The Chinook salmon running back to Idaho don't leave the ocean to begin their return journey to spawning streams or hatcheries at the same time.  The earliest Chinook to cross Bonneville Dam are headed to the Clearwater River, Snake River, and Little Salmon River systems.  We know the timing because a small percentage of fish have PIT tags that are read in the fish ladder as they swim over the dam.  This allows us to estimate the population of returning salmon several weeks before the fish reach Idaho.  This is why we set the Chinook salmon season and bag limits for lower river fisheries in March.  A few weeks later, we see PIT tagged fish headed for the South Fork Salmon River pass Bonneville Dam.  Once we have a good idea of the population size, based on the PIT tag information, we set the season and bag limit at the May Commission meeting for the South Fork Salmon River.  The last fish to pass Bonneville Dam contain PIT tags that tell us that they are headed for the upper Salmon River and the Sawtooth and Pahsimeroi Fish hatcheries.  That's why the Upper Salmon River season and bag limit is set last.  Typically, by the time Upper Salmon Basin salmon pass Lower Granite Dam and enter Idaho, the lower Salmon River and Clearwater River seasons are closed.
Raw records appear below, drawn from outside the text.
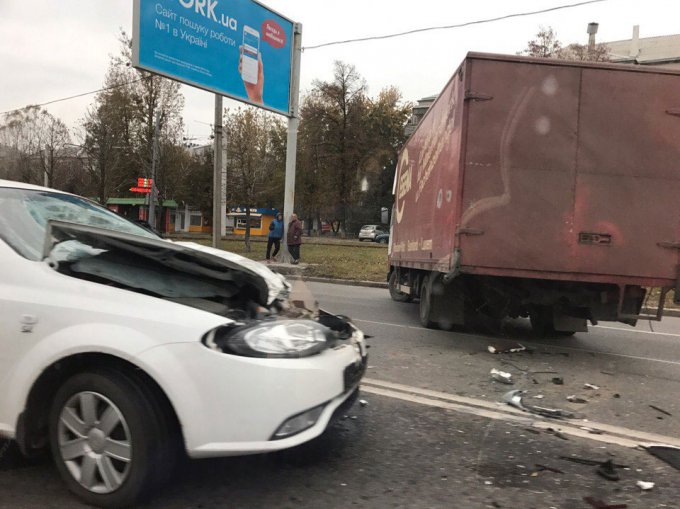 Из-за ДТП заблокировано движение в районе Харькова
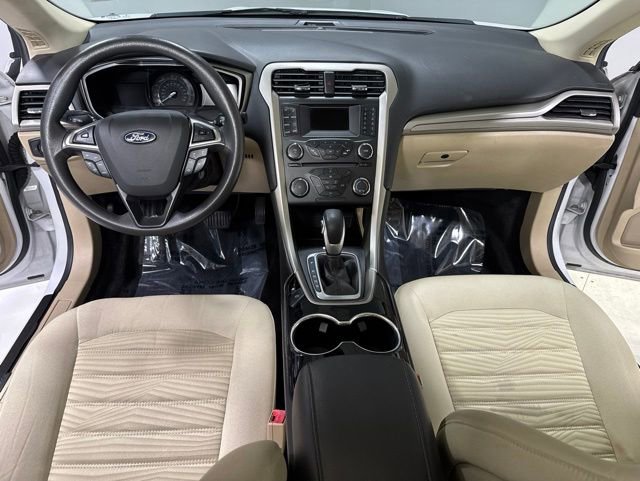 Used 2016 Ford Fusion SE FWD image 13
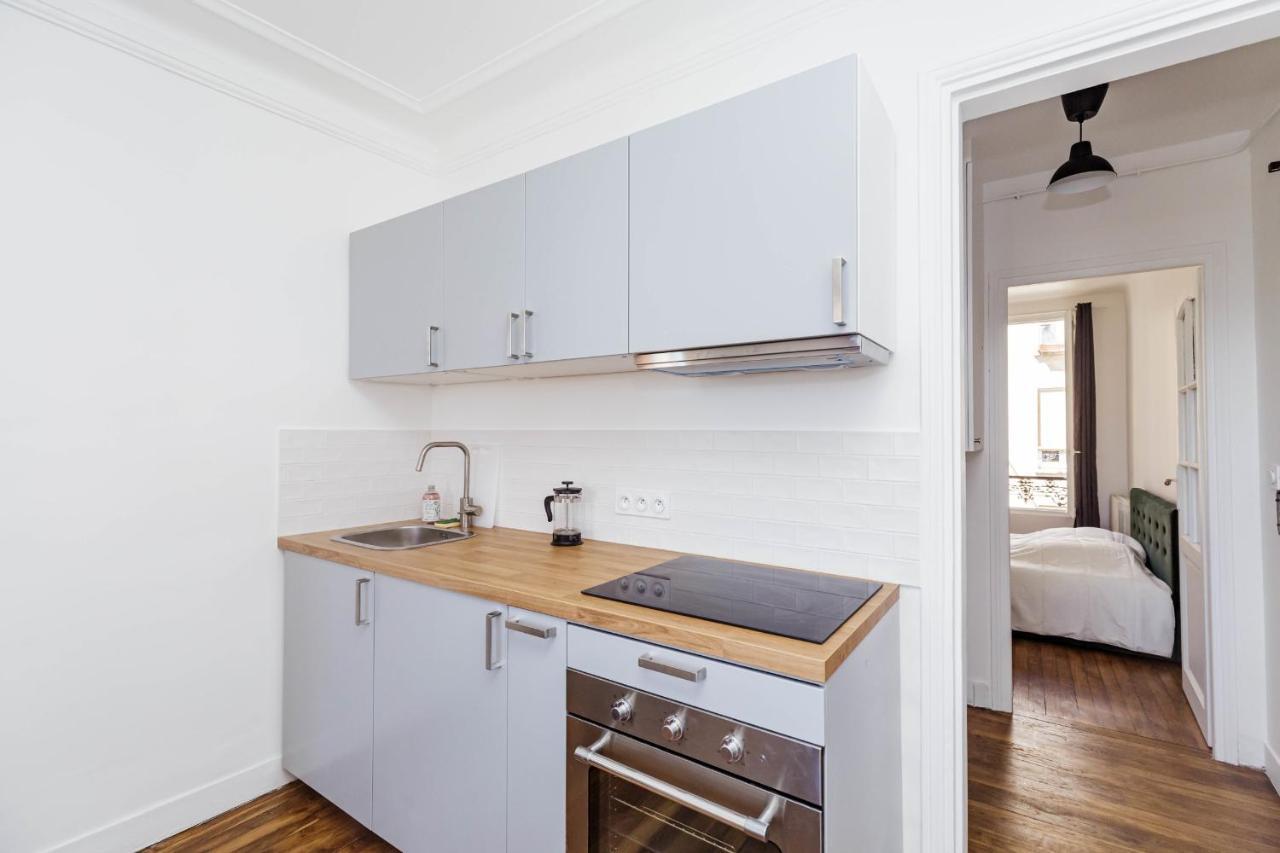 Nice 32 M Renovated And With Comfort In * Parigi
The three different salmon groups all spawn around the same time (early August thru early September).  Because Chinook salmon can no longer utilize food once they leave the ocean, biologists believe this segregated timing of the fish leaving the ocean is a stratagy to optimize survival to spawning time.  So, the fish that swim the farthest are the last to leave the ocean (they build their strenth in the ocean for as long as they can before starting their "death-swim" to the Stanley Basin).  Chinook in the lower Salmon and Clearwater have an easier journey and expend less energy on the trip.  Consequently, they leave the ocean earlier and can live long in fresh water living on their fat reserves.

Most Chinook salmon return to the stream or hatchery where they "smolted" or began the journey from Idaho to the ocean. So, not all Chinook salmon that enter the Salmon River are headed to the Stanley Basin.  -  dparrish



Rapid River Hatchery Report - May 15th

The trap at Rapid River Hatchery (tributary to Little Salmon River) has trapped only 1 adult fish.  There have been rumors of Chinook being caught in the Little Salmon River but our creel clerks have been unable to verify any fish being caught in the Little Salmon River.

Best bet is to fish the lower Salmon River (Slate Creek area) and near the mouth of the Little Salmon River.

Lake Pend Oreille kokanee bag limit

Due to the large number of kokanee we are seeing in Lake Pend Oreille in 2014, we changed the bag limit from 6 to 15 as of today, May 15th.  Kokanee are a great tasting fish.  Check with your local sportshops on how to fish for kokanee.  During the summer months, anglers in boats are more successful than bank anglers.  Fishing flash gear with a piece of bait at a depth of 20 - 30' is the general way.  You can also jig using a colored jig with worm or maggot.